The Importance Of Pink, Puppies & Kim Wilde In MGSV
An MGS Virgin's Phantom Pain Diary, Day 3
Continuing a diary/review-in-progress of MGSV [official site], from the perspective of someone who hasn't really played Metal Gear Solid before. There are no plot spoilers in this one.
Metal Gear Solid V is a videogame in which I travel around on a bright pink helicopter which blares Kim Wilde's Kids In America from a loudspeaker. Then I go home to my bright pink oil rig in the Seychelles and roll around on the floor with a one-eyed puppy for a while, before delivering a savage and unprovoked beating to the men who work for me. They thank me for my cruelty, and demand I hit them harder.
11/10
I spent so many years convinced that Metal Gear Solid was the antithesis of everything I wanted from games, but now I'm certain that it's everything I want. At any point that the game threatens to take itself too seriously, be it in the militarism of its missions or the uncensored auterism of its cutscenes, it will before too long pour over a mad custard of silliness, or at least the potential for it. It's not simply surface silliness: it's silliness that matters. 'Here, it's your game, enjoy yourself.'
This is so at odds with the aspect of the game which relentlessly tells me it was made by Hideo Kojima (credits before and after each mission, his name in mile-high letters, held on the screen, which are surely half-pride and half satirising the breathless, unrealistic lionisation the man's fans apply to him. All these other names in the credits, but those screens flash by at lightning speed) that I begin to doubt every prior assertion about the man's ego. I'd had him pegged as some sort of idiot savant until MGS V, but now I see the extreme self-awareness at play too. Either that, or he lets his team get away with anything so long as the 'cinematic' cutscenes are the intended vision.
So I paint my helicopter pink, and have it blare Kim Wilde as I drop into a Soviet-invaded Middle Eastern warzone. 'We're the kids in America, woah-oh.' Oh God. Cold war kids in America. Cold war on terror kids in America. I thought it was just pop, but I'm making an accidental statement. Back to Bowie next time, I think. I will collect more music as I play, and I'm almost more excited about that than I am ballooning new species of animal up into the night sky.

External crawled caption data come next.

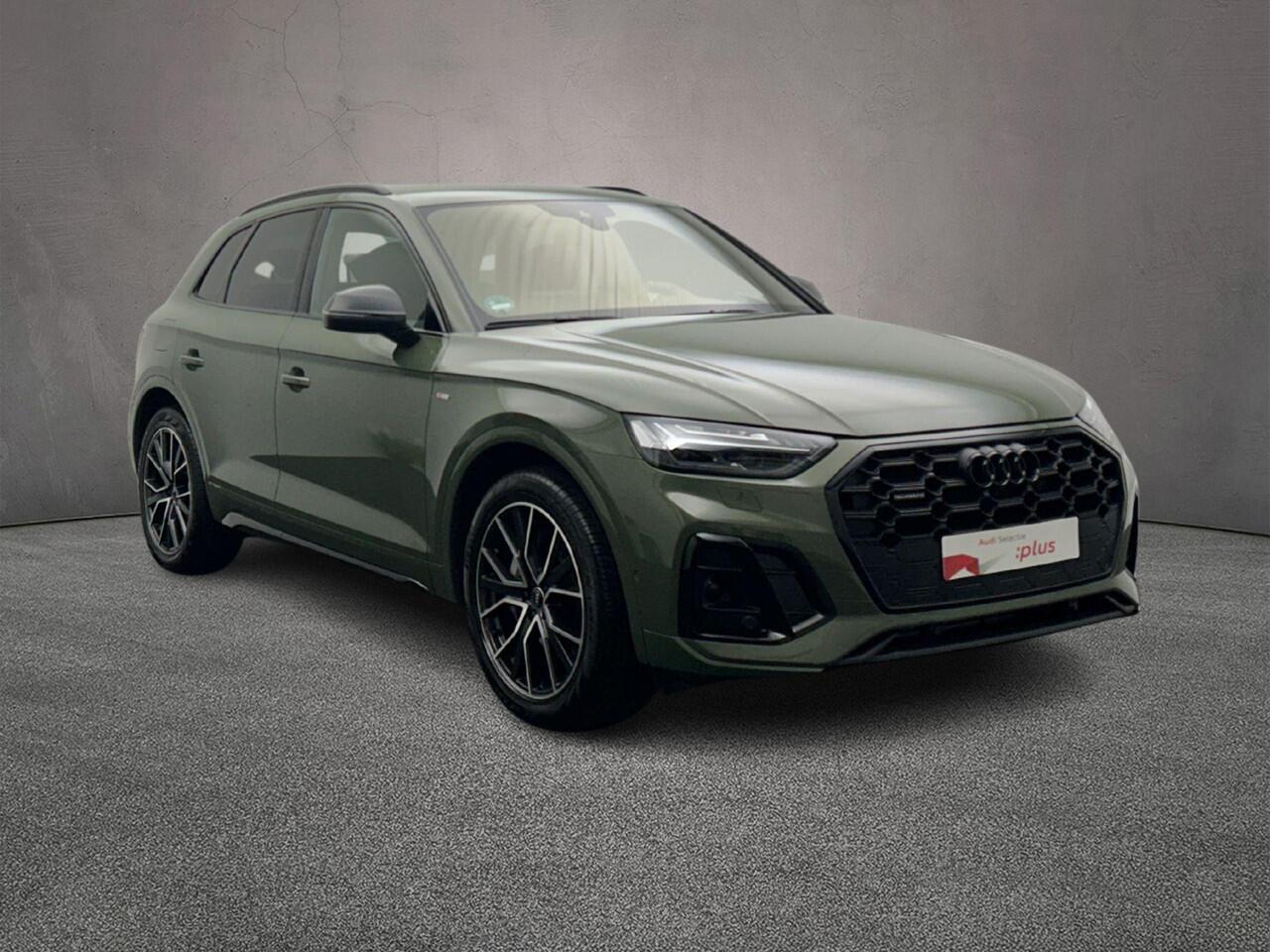 Audi Q5 55 TFSI e S edition | Trekhaak | Luchtvering | MMI plus | Audi sound | Headup | City | Tour | Memory | Matrix |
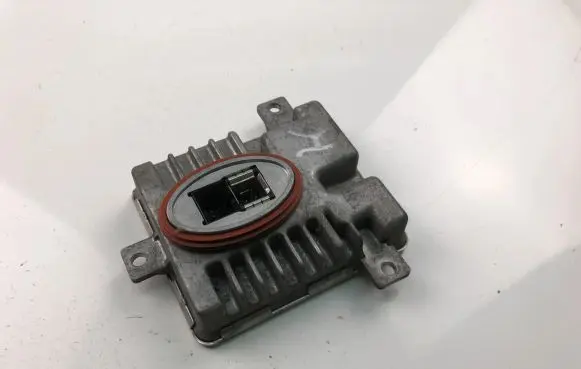 BMW 5 F10 F11 Xenon control unit/module 7237647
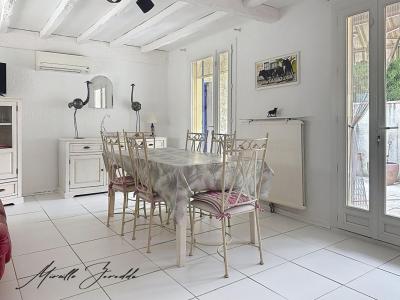 For sale Tarascon 5 rooms 90 m2 Bouches du Rhone (13150) photo 1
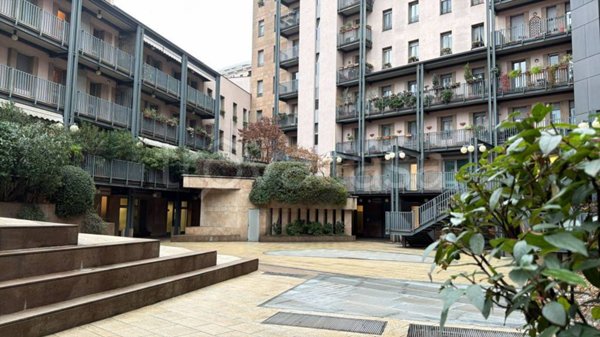 appartamento in vendita a Milano in zona Porta Nuova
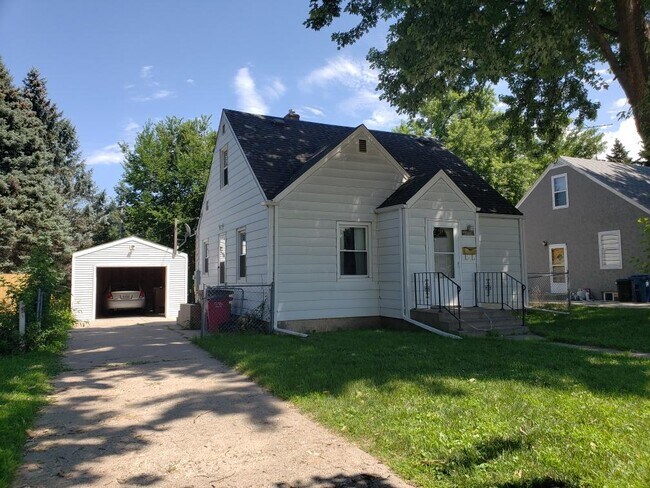 Building Photo - 2208 S Willow Ave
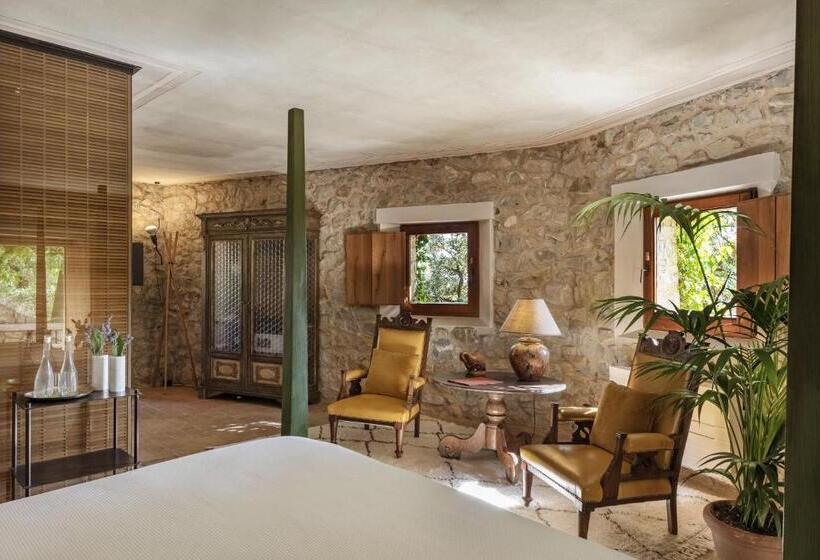 סוויטה דלוקס, Castello Di Vicarello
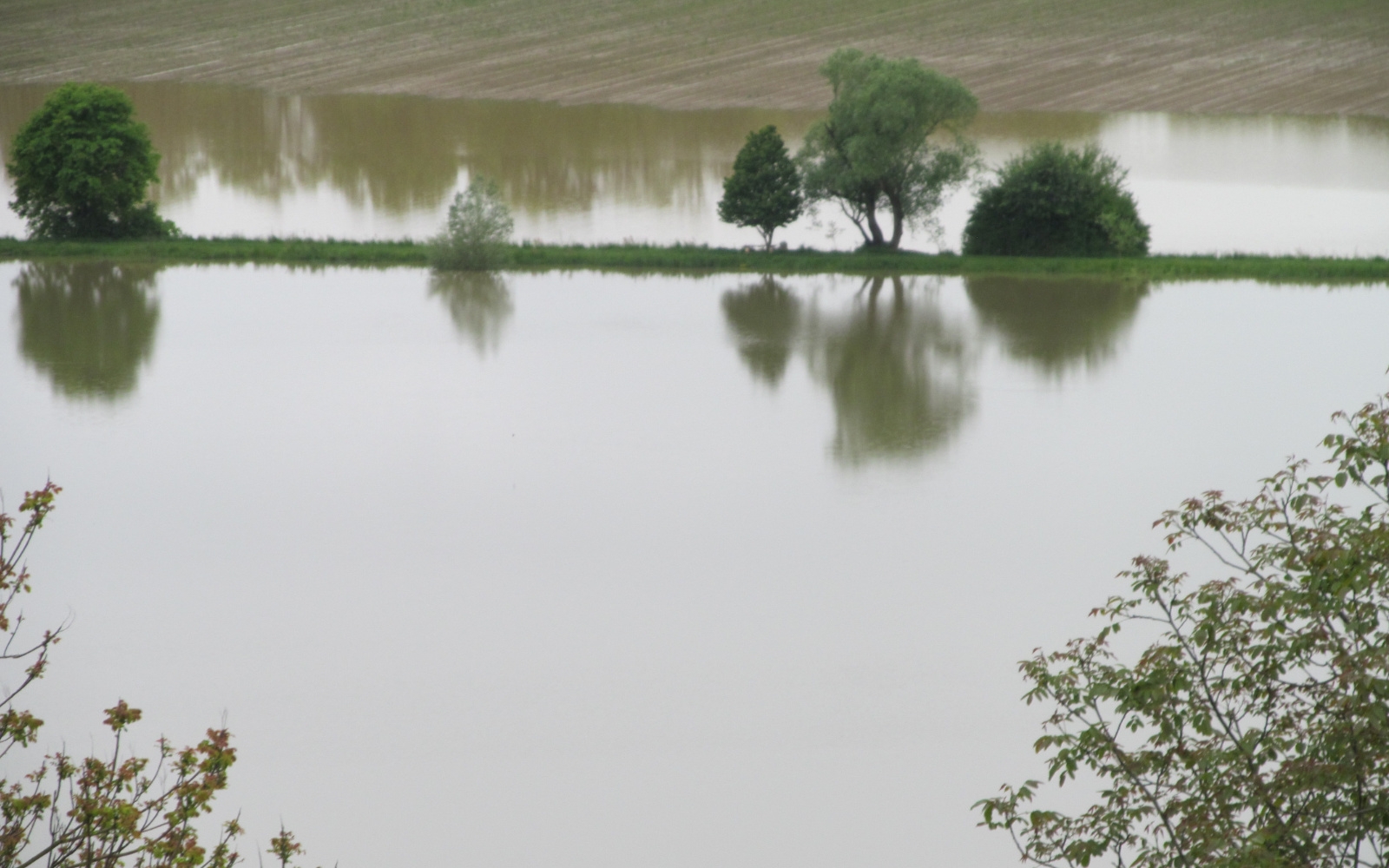 Pogled na Trojiško jezero iz Kmetečevega brega v Sv. Trojici. Foto: Marjan Toš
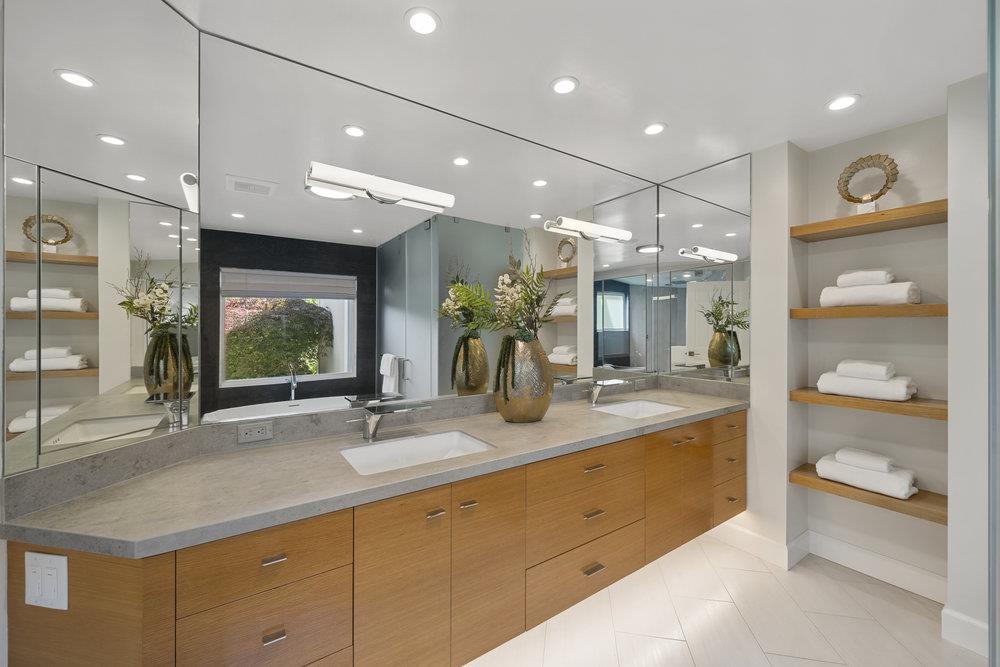 24600 Bella Ladera DR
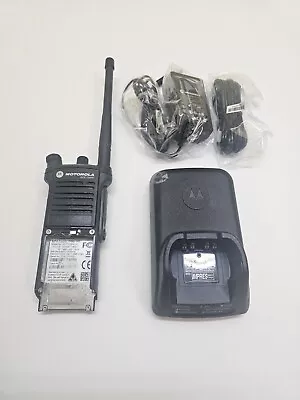 Motorola APX7000R VHF 700 /800 MHz Two Way Radio H97TGD9PW1AN W Charger APX7000 • $999.99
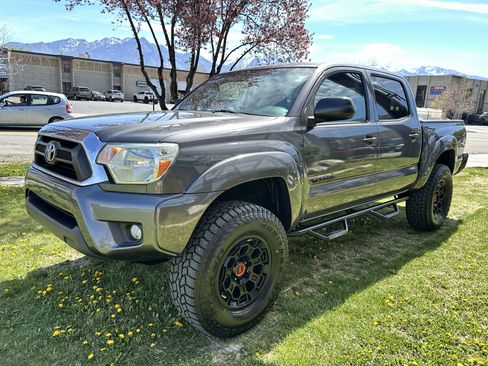 Used 2015 Toyota Tacoma 4x4 Double Cab w/ TRD Off-Road Package image 12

There are people who will not paint their helicopter pink, I realise. They'll paint it green or grey, or some dreadful camouflage pattern that they believe makes them look like A Very Important Soldierman. They'll ignore their PREPOSTEROUSLY CUTE HUSKY PUPPY, or - ugh - they'll punch it to the floor when it skips up to them with love in their eyes. How could they? Why would they?
Conversely, maybe they won't tussle with their masochistic, adoring staff; maybe they'll just bristle with pride when all those fanboyish jarheads salute them while they stride around their drab olive base. You can be Patton if you want, if you really must. Or you can be Pink Boss. Or Yellow Boss Or Purple Boss or Lime Green Boss. Be your own Boss.
Me, I beat those waiting, bug-eyed tropps. And strangle them. And bodyslam them. And kick them when they're down. It's what they want. It's what they love. They are soldiers, and they want a Boss.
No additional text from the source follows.